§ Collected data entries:
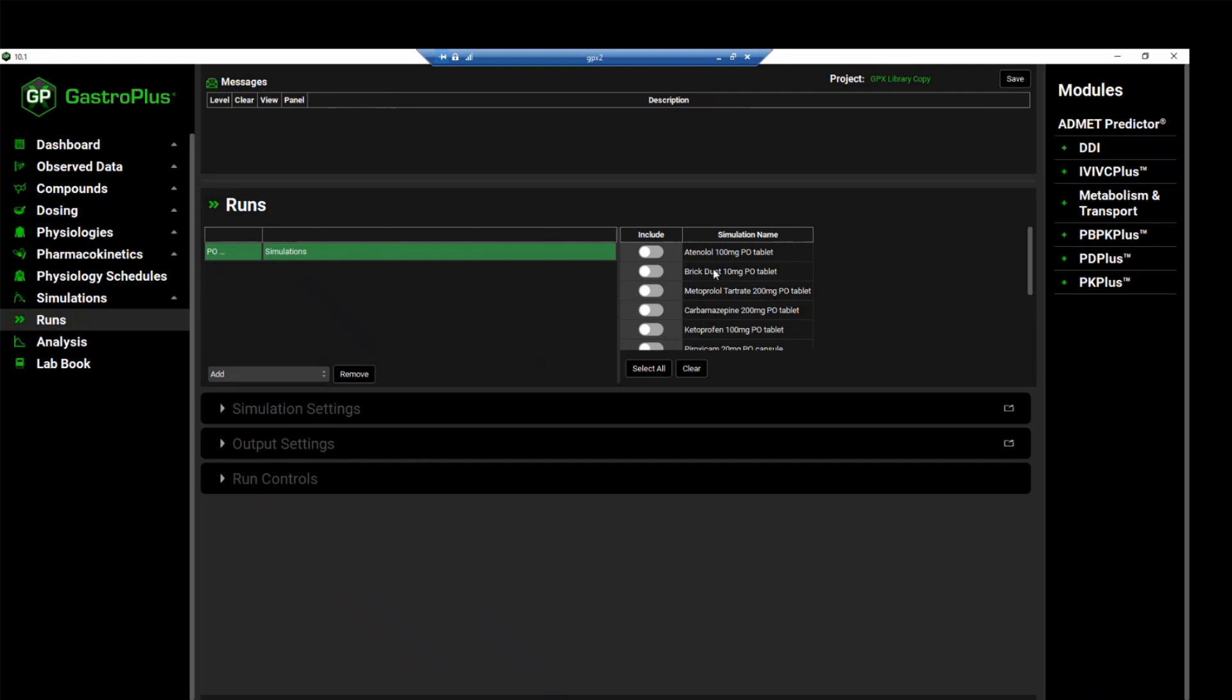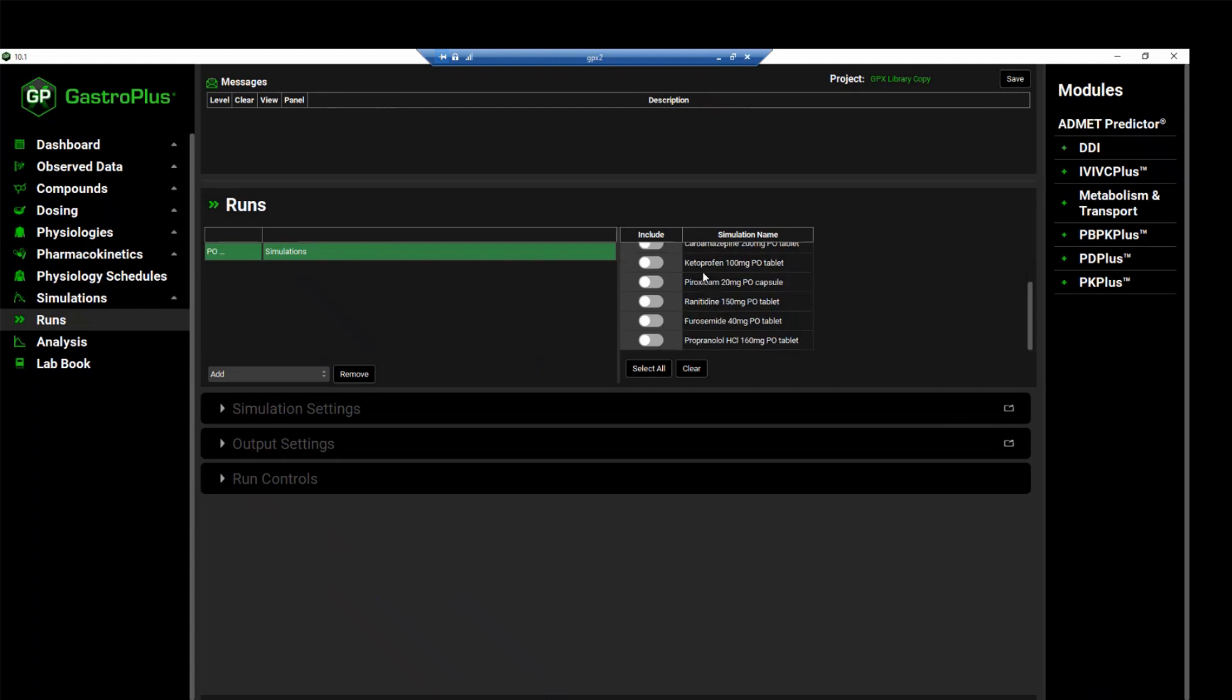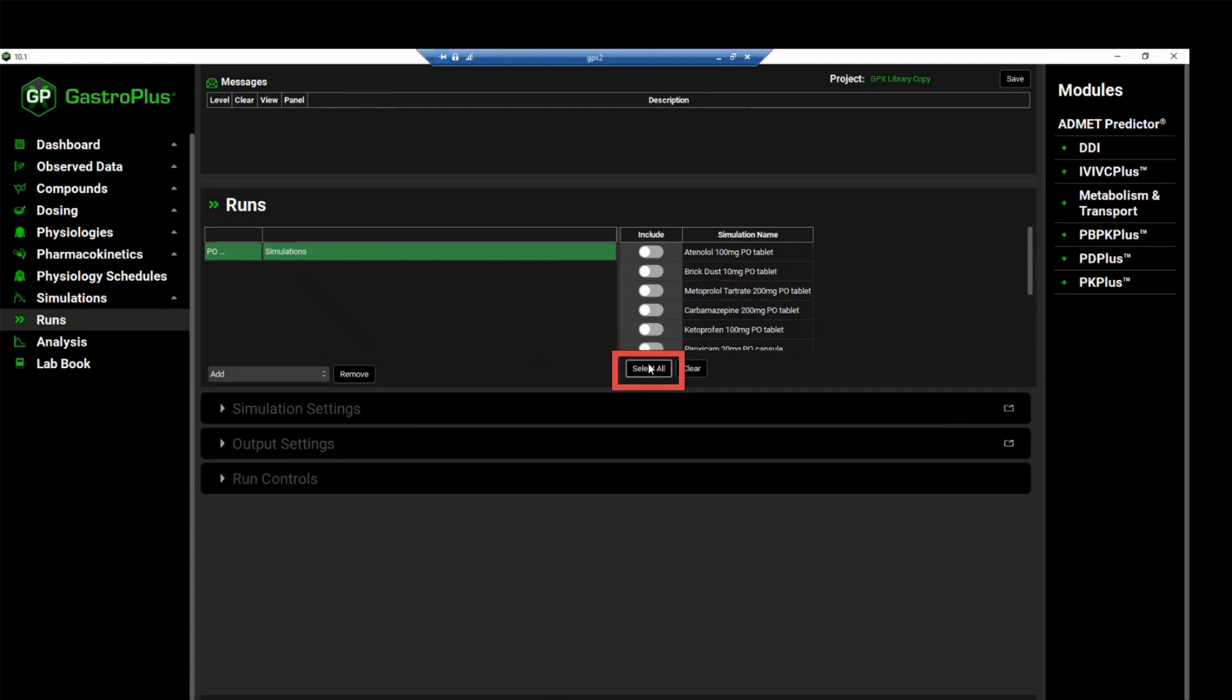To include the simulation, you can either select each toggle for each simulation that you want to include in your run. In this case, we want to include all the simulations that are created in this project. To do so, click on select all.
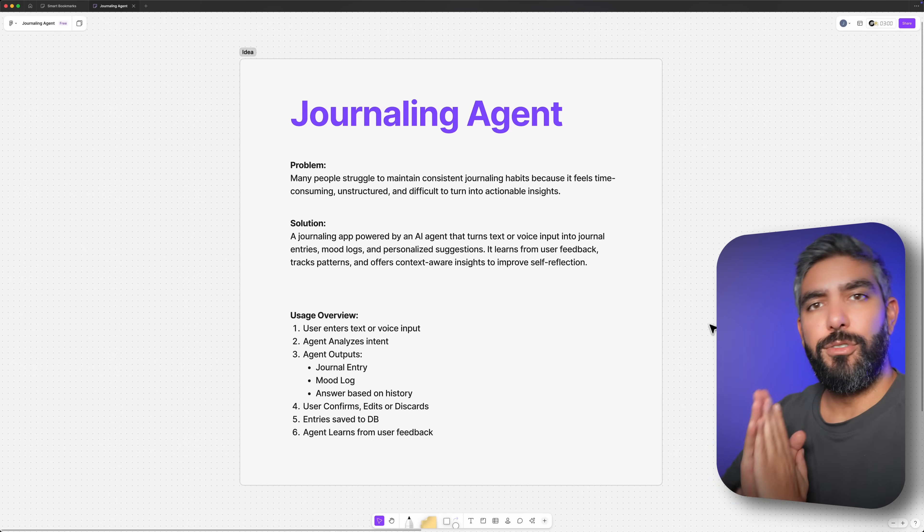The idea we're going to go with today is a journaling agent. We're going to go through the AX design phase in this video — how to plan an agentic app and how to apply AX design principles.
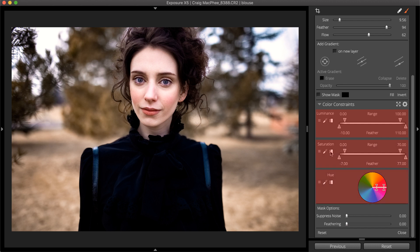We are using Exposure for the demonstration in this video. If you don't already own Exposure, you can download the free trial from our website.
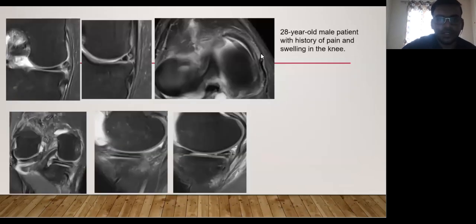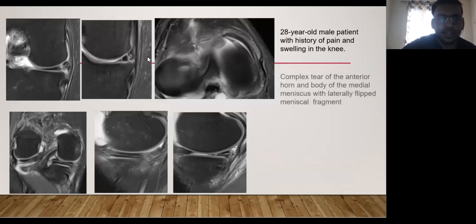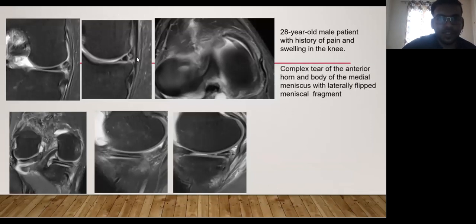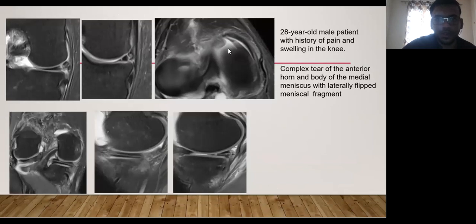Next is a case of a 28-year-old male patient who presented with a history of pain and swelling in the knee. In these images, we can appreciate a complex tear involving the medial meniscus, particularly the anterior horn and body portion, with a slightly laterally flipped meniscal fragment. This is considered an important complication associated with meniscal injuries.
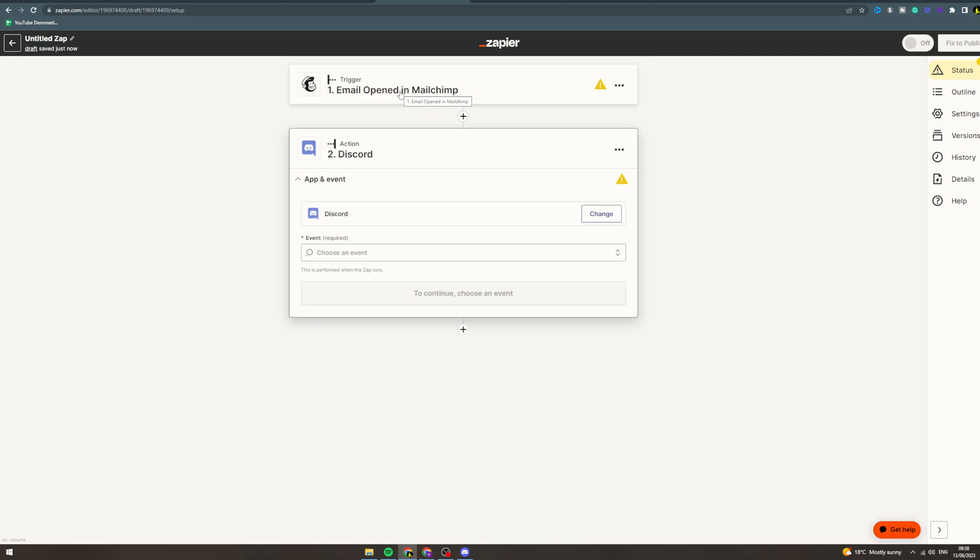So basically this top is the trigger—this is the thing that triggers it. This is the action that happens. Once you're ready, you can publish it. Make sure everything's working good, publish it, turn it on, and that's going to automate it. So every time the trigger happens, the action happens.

§ Task requirements: For this answer, return word for word the lines from the first line of the records through the line containing "The idea we're". Omit the pictures.

§ Answer below:
To include the simulation, you can either select each toggle for each simulation that you want to include in your run. In this case, we want to include all the simulations that are created in this project. To do so, click on select all.
The idea we're going to go with today is a journaling agent. We're going to go through the AX design phase in this video — how to plan an agentic app and how to apply AX design principles.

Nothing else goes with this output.